───── Input material

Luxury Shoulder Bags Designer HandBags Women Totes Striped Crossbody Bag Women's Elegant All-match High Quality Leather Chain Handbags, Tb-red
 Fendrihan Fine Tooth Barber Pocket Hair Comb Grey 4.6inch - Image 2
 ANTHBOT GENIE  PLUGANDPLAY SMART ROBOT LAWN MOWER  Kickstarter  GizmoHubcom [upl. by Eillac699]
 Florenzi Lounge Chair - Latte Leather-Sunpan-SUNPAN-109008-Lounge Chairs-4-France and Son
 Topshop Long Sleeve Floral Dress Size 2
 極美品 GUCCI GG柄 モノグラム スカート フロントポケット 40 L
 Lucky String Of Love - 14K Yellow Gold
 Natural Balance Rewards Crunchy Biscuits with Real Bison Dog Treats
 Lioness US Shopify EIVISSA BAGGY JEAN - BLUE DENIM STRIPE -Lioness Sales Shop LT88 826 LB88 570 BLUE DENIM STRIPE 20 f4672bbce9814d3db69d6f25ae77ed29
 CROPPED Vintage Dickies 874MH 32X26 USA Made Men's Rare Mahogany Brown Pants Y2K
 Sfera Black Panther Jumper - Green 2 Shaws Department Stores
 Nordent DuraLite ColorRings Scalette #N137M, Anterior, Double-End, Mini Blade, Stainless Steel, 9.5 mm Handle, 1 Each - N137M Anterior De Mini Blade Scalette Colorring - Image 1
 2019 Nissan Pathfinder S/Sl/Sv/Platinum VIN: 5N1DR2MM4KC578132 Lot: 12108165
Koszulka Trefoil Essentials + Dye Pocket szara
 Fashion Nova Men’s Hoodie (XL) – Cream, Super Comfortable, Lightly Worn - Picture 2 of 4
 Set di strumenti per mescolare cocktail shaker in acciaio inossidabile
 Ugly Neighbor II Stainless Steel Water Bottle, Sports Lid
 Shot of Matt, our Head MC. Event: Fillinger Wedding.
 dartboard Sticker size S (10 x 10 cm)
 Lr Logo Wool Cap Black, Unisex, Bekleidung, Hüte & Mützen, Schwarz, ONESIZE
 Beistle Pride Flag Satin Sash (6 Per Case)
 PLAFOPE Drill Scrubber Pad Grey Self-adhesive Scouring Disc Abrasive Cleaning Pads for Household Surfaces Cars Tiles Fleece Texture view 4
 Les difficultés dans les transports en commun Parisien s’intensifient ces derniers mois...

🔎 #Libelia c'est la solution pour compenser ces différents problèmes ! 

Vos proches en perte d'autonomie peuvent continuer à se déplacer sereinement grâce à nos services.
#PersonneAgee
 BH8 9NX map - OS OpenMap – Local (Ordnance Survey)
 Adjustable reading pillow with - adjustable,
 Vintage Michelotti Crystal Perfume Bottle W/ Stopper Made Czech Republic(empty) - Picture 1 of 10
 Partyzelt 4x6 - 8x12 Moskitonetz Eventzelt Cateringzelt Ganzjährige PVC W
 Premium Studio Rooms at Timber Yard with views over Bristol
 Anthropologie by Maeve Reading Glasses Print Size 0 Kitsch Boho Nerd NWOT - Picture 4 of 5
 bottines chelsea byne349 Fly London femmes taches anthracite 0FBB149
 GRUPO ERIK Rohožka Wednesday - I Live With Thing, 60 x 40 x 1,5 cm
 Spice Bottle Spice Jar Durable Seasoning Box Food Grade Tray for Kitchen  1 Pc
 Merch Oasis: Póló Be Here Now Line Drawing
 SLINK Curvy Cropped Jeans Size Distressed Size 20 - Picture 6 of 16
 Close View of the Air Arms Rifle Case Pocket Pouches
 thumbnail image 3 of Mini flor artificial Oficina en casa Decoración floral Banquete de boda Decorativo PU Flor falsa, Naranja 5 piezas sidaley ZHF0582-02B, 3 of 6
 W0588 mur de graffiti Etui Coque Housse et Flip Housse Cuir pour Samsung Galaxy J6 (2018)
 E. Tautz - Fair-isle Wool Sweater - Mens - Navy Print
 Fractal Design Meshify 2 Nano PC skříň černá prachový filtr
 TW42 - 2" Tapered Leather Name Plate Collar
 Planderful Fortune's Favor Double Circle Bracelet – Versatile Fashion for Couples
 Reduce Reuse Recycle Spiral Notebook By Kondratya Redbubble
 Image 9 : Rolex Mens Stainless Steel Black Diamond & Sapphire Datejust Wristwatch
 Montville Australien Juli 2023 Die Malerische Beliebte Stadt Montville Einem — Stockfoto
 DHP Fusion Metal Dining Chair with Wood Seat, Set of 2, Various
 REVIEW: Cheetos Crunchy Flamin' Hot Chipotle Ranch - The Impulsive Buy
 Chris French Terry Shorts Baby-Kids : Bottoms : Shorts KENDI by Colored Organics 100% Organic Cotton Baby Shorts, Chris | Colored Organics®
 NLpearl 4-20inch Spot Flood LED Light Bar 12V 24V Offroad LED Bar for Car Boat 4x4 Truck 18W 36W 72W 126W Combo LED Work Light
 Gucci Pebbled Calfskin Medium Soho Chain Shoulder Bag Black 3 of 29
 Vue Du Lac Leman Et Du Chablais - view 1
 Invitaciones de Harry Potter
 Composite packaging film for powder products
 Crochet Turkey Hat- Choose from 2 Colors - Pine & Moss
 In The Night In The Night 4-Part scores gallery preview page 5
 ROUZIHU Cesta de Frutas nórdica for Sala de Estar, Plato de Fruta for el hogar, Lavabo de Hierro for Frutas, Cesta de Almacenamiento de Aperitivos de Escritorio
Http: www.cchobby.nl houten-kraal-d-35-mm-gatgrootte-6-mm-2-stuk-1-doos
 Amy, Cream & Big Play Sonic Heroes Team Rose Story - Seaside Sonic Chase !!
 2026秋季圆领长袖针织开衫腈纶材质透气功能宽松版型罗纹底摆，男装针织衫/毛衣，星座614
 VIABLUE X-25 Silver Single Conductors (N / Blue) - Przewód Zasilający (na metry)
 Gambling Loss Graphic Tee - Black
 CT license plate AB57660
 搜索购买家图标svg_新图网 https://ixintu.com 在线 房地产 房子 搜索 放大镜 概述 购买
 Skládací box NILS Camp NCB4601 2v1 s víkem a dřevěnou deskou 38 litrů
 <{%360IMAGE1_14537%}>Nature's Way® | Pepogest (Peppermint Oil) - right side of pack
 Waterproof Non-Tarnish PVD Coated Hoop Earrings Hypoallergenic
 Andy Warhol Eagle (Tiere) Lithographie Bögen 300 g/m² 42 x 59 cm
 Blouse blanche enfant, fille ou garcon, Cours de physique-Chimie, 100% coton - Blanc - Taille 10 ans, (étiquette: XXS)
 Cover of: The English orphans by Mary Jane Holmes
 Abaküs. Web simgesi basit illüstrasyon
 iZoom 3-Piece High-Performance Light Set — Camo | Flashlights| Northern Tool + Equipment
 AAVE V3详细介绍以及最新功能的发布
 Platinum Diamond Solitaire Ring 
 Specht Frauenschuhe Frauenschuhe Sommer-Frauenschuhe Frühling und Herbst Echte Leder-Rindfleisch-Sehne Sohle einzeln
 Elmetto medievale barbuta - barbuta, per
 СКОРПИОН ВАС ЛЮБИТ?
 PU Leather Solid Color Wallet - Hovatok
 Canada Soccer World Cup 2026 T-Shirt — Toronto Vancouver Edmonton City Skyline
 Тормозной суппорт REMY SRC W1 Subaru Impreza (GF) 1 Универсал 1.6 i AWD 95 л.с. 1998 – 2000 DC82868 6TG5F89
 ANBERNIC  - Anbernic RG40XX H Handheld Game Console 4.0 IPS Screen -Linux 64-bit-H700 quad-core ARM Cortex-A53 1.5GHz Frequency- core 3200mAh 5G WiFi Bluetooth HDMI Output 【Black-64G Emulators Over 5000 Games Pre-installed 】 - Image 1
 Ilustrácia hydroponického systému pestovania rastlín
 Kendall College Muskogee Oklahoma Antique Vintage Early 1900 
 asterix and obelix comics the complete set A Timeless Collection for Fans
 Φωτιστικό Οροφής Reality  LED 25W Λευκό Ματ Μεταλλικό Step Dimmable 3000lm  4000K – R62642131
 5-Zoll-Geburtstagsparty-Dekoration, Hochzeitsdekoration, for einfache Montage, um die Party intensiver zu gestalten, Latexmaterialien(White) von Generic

──────────

**What needs to be done:** Some lines in the material contain "Chair". Show all of them.

**Your solution:**
 Florenzi Lounge Chair - Latte Leather-Sunpan-SUNPAN-109008-Lounge Chairs-4-France and Son
 DHP Fusion Metal Dining Chair with Wood Seat, Set of 2, Various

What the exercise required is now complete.